The default value is false.

If you set this parameter to true, the value of the endTimestamp property specified by an incremental query can be a point in time that is later than the maximum commit time of data in a table. If the value of the endTimestamp property is greater than the current time, new data may be inserted into a Delta table, and you may obtain different results for multiple queries. You can change the value of this parameter for a table.

acid.write.precombine.field

No

You can use this parameter to specify the name of only one column.

If you specify a column name, the system performs data deduplication based on the primary key (PK) column in the file that is committed together with this parameter. This ensures data uniqueness and consistency.

Note

If the size of data that is committed at a time exceeds 128 MB, multiple files are generated. This parameter cannot be used for multiple files.

  • General parameter requirements for Delta tables:

    • LIFECYCLE: The table's lifecycle must be at least as long as the time travel query period, meaning lifecycle >= acid.data.retain.hours / 24. When creating a table, MaxCompute verifies the specified lifecycle and returns an error if it doesn't meet the requirements.

    • Unsupported features for Delta tables include CLUSTER BY and CREATE TABLE AS statements, and they cannot be used as external tables.

  • Additional restrictions:

    • Only MaxCompute SQL can directly interact with Delta tables.

    • Existing common tables cannot be converted to Delta tables.

    • The schema of the primary key column in a Delta table cannot be altered.

Parameters for transaction tables

Parameter

Required

Description

TBLPROPERTIES(transactional"="true")

Yes

Set the table to a transactional table. You can subsequently perform update or delete operations on the transactional table to achieve row-level updates or data deletion. For more information, see update or delete data (UPDATE | DELETE).

Transactional tables have specific limitations:

  • MaxCompute only allows setting a table as transactional during its creation. Subsequent changes to make a table transactional using the ALTER TABLE statement will result in an error:

    ALTER TABLE not_txn_tbl SET tblproperties("transactional"="true");
    -- An error is returned.
    FAILED: Catalog Service Failed, ErrorCode: 151, Error Message: Set transactional is not supported
  • You cannot set clustered or external tables as transactional tables when creating them.
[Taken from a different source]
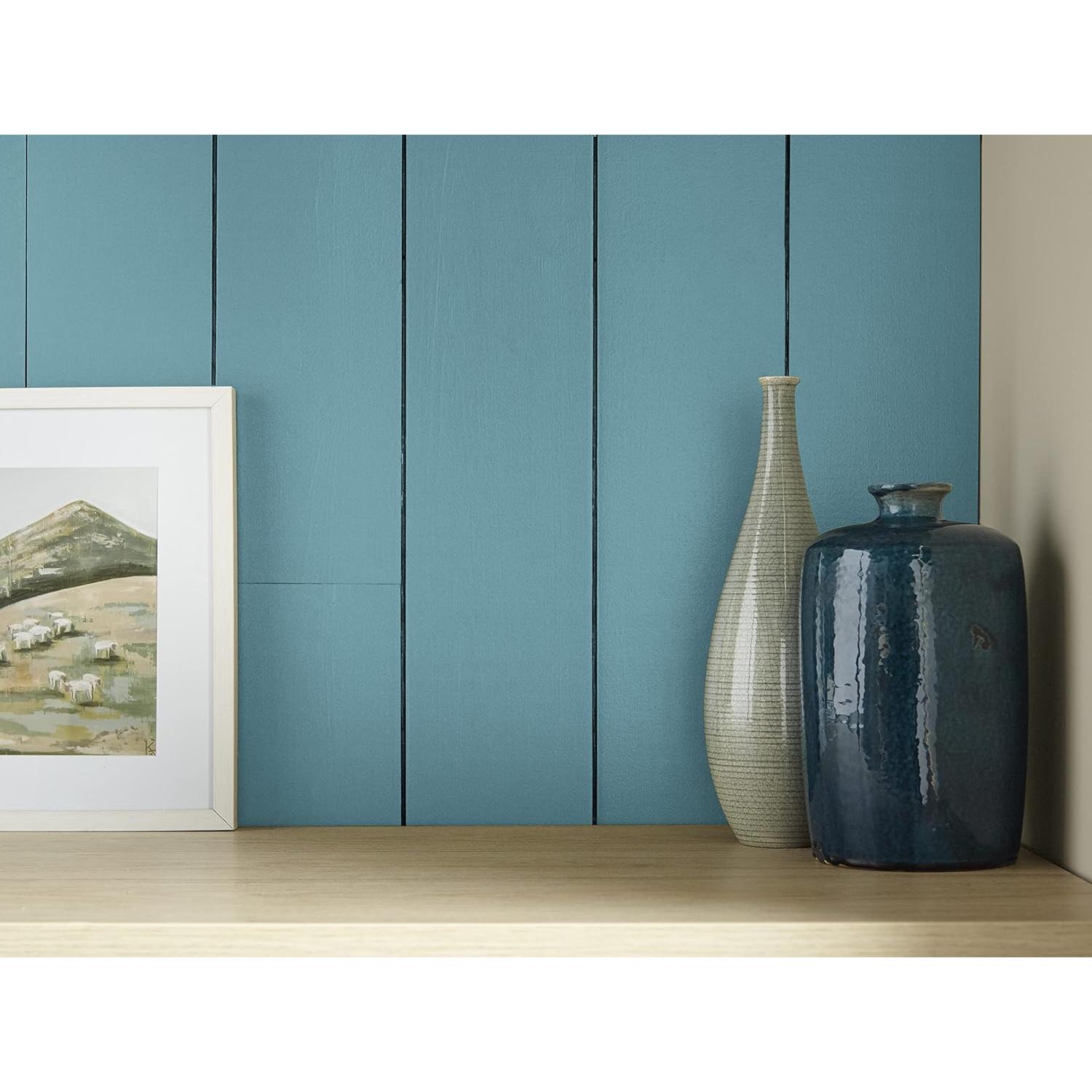 KILZ TRIBUTE Pintura y Primer Interior Satinado 236ml Turquesa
  • Conversion between transactional tables and MaxCompute internal, external, or clustered tables is not supported.

  • Transactional table files must be merged manually. For details, see Merge Transactional Table Files.

  • The merge partition operation is not supported.

  • Certain limitations apply when accessing transactional tables from other systems' jobs. For instance, Graph jobs cannot read from or write to transactional tables, while Spark or PAI jobs can only read from them.

  • Before updating or deleting critical data in a transactional table, or performing update, delete, or insert overwrite operations, ensure to manually back up the data to another table using select and insert operations.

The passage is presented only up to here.